= Task to carry out =
Locate and copy each line in the data that contains the word "Photo".
-- Raw data follows --
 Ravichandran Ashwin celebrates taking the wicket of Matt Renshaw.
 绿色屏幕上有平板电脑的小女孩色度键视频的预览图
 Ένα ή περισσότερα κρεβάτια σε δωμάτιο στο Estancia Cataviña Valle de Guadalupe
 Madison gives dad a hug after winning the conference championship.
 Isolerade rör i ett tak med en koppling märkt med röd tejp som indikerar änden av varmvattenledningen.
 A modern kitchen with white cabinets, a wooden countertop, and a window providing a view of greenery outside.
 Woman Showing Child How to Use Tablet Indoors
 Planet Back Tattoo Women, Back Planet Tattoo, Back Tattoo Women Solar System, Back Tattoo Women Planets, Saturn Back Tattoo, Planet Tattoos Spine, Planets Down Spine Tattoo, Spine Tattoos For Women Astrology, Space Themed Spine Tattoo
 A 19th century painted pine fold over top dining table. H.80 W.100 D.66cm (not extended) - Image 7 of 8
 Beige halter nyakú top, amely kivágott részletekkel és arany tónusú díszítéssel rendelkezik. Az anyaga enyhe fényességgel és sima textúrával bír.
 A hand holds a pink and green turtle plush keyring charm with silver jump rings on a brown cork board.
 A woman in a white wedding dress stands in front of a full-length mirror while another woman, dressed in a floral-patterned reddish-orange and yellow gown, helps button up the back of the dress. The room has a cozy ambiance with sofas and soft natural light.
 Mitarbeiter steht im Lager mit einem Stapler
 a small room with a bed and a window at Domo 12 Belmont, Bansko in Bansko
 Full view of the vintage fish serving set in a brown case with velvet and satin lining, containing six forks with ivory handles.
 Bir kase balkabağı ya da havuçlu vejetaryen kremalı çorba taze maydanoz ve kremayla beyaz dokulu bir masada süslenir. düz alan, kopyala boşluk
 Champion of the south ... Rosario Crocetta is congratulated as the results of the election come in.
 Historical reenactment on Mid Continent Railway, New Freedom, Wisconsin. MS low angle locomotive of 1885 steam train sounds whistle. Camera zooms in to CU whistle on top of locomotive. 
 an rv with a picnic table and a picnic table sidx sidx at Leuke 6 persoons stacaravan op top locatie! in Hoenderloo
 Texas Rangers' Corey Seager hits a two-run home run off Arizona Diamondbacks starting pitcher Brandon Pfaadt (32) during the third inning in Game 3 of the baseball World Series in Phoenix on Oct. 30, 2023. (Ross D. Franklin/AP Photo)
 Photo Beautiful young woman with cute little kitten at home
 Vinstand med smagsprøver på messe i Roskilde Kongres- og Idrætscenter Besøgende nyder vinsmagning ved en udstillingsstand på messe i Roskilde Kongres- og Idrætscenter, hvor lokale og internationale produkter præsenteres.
-- Raw data concluded --
= Answer area =
 Texas Rangers' Corey Seager hits a two-run home run off Arizona Diamondbacks starting pitcher Brandon Pfaadt (32) during the third inning in Game 3 of the baseball World Series in Phoenix on Oct. 30, 2023. (Ross D. Franklin/AP Photo)
 Photo Beautiful young woman with cute little kitten at home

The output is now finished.